Exact copies of the lines below are the goal; any images in them are dropped.

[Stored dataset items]
******************************
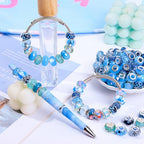 European Large Hole Beads Spacer Beads Charm Fairy Wands Beads Rhinestone Craft Beads for DIY Bracelet Jewelry Making (Lake Blue) - color: Lake Blue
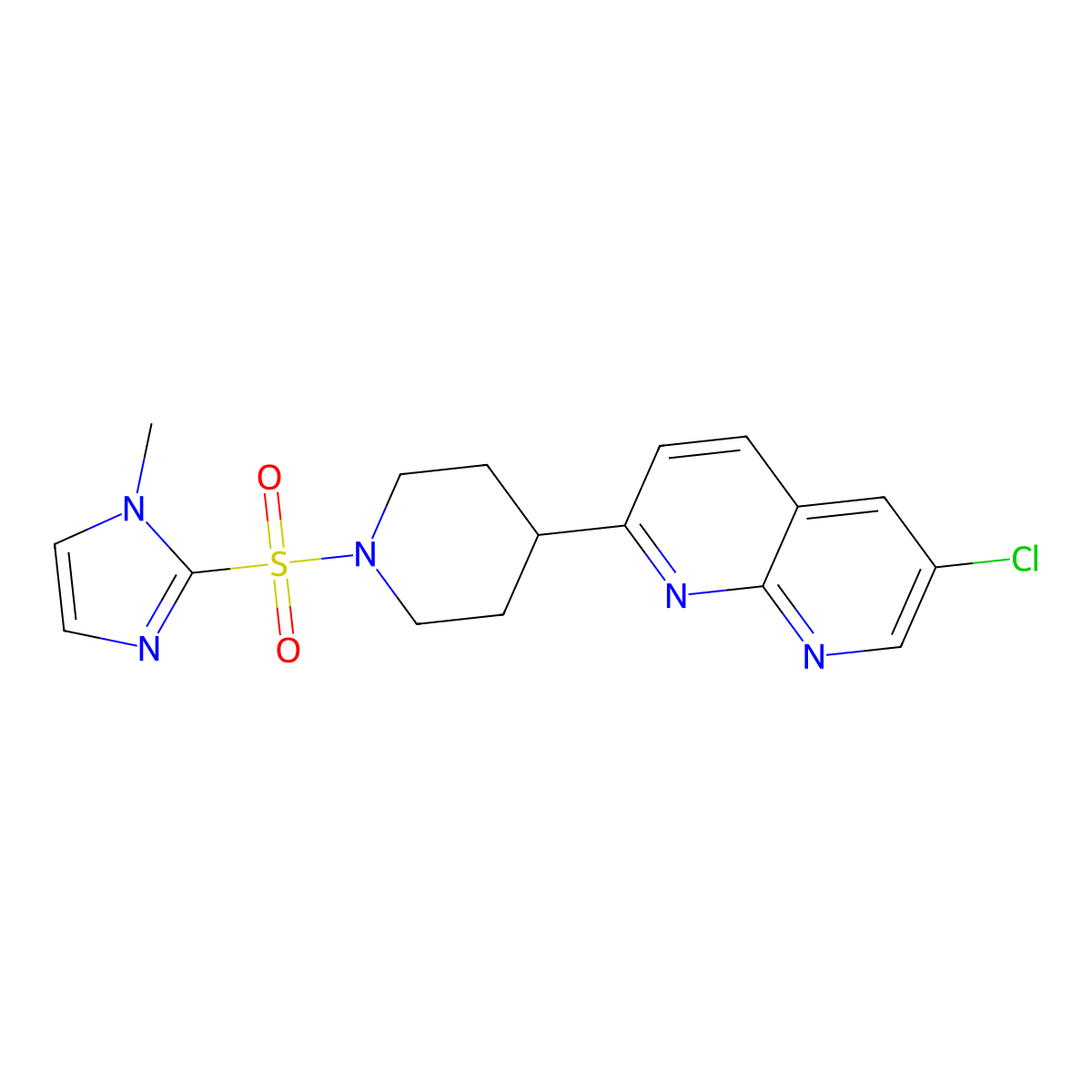 6-chloro-2-{1-[(1-methyl-1H-imidazol-2-yl)sulfonyl]piperidin-4-yl}-1,8-naphthyridine molecular structure, CAS 2741955-62-2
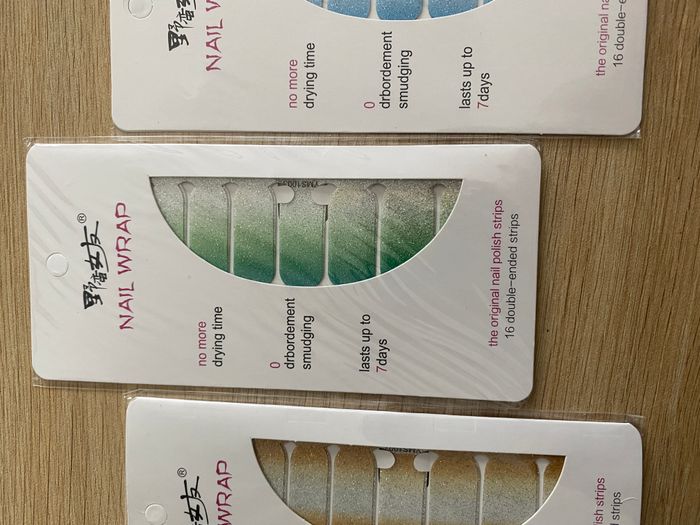 3 Lots Stickers pour ongles neuf bleu, argent, vert, or - photo numéro 3
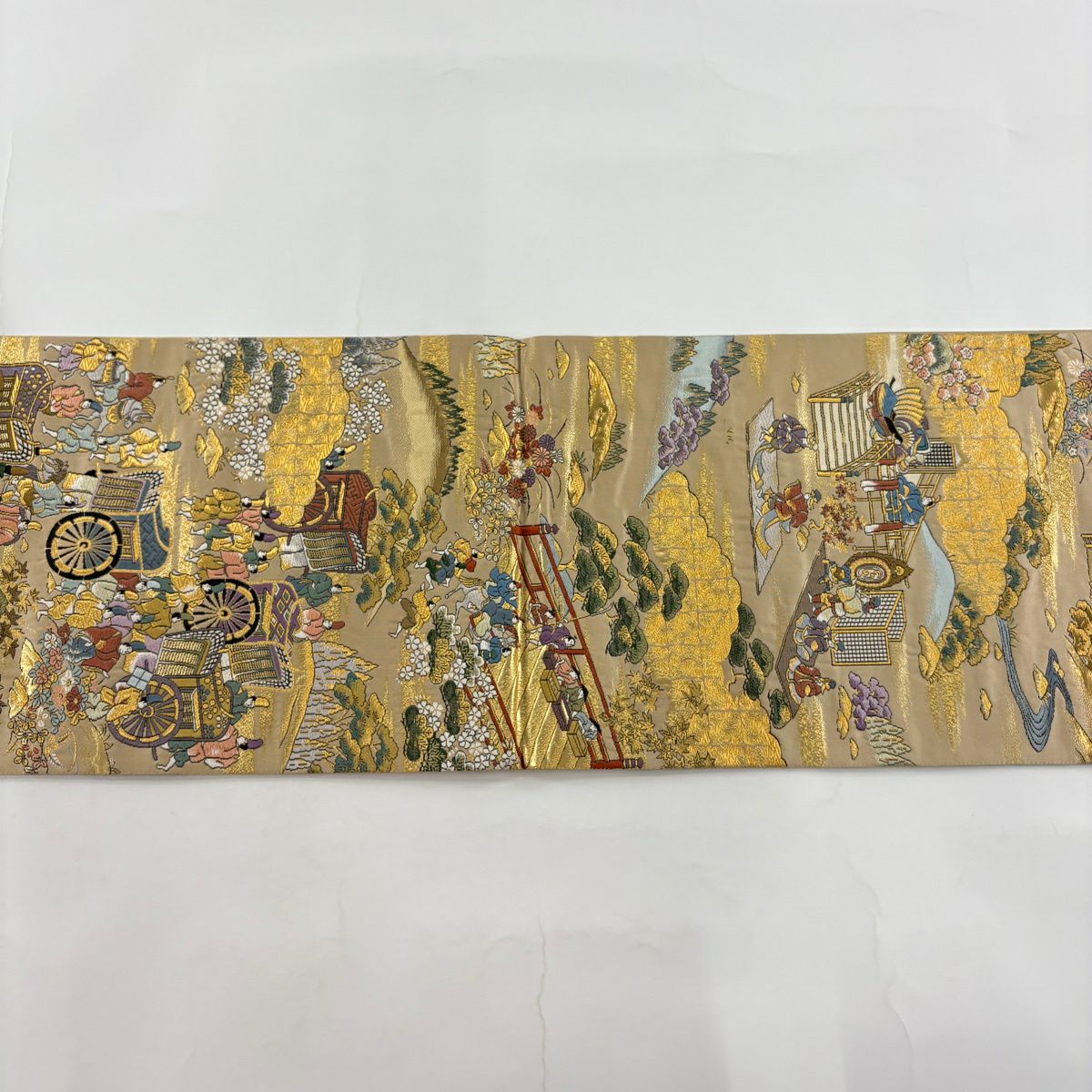 【美品】 袋帶 秀品級 御所車 人物 金絲 金金箔 淺茶 細鼓圖案 純蠶絲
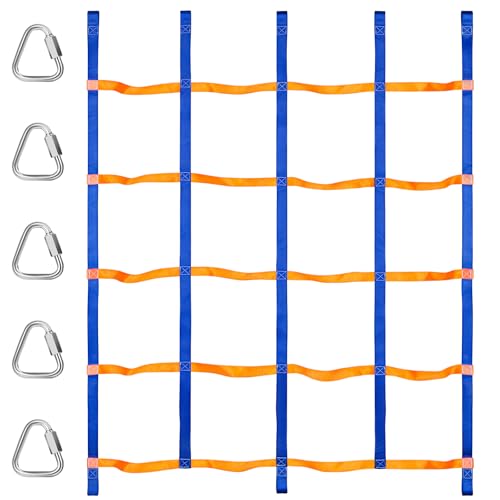 TOPNEW Climbing Net for Kids Outdoor, Portable Ninja Cargo Net Rope Ladder Monkey Bars for Ninja Slackline, Jungle Gyms, Swing Set, Warrior Style Obstacle Courses for Outdoor Treehouse - color: Blue&orange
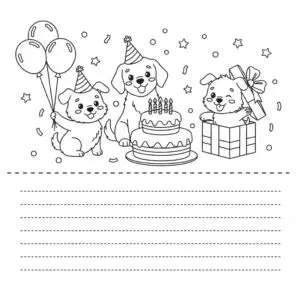 דף צביעה של כרטיס ברכה כלבלבים ועוגה להדפסה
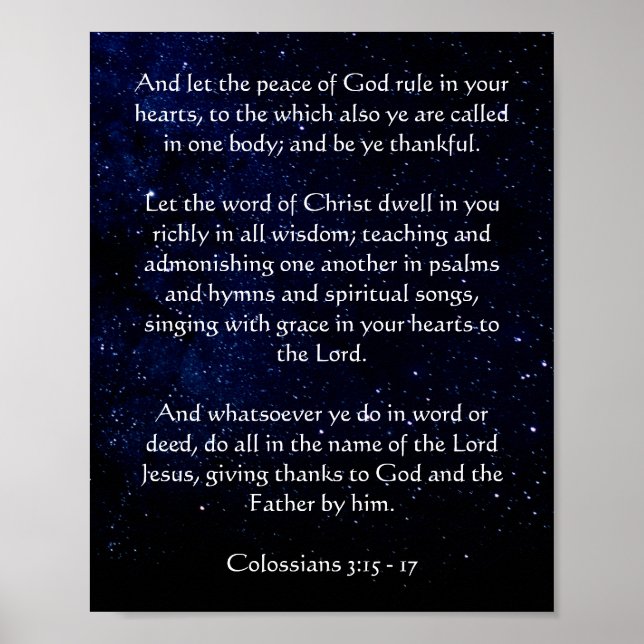 Poster de texte personnalisé Midnight Blue Starry  (Devant)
******************************
*Exercise solution*.
 European Large Hole Beads Spacer Beads Charm Fairy Wands Beads Rhinestone Craft Beads for DIY Bracelet Jewelry Making (Lake Blue) - color: Lake Blue
 6-chloro-2-{1-[(1-methyl-1H-imidazol-2-yl)sulfonyl]piperidin-4-yl}-1,8-naphthyridine molecular structure, CAS 2741955-62-2
 3 Lots Stickers pour ongles neuf bleu, argent, vert, or - photo numéro 3
 【美品】 袋帶 秀品級 御所車 人物 金絲 金金箔 淺茶 細鼓圖案 純蠶絲
 TOPNEW Climbing Net for Kids Outdoor, Portable Ninja Cargo Net Rope Ladder Monkey Bars for Ninja Slackline, Jungle Gyms, Swing Set, Warrior Style Obstacle Courses for Outdoor Treehouse - color: Blue&orange
 דף צביעה של כרטיס ברכה כלבלבים ועוגה להדפסה
 Poster de texte personnalisé Midnight Blue Starry  (Devant)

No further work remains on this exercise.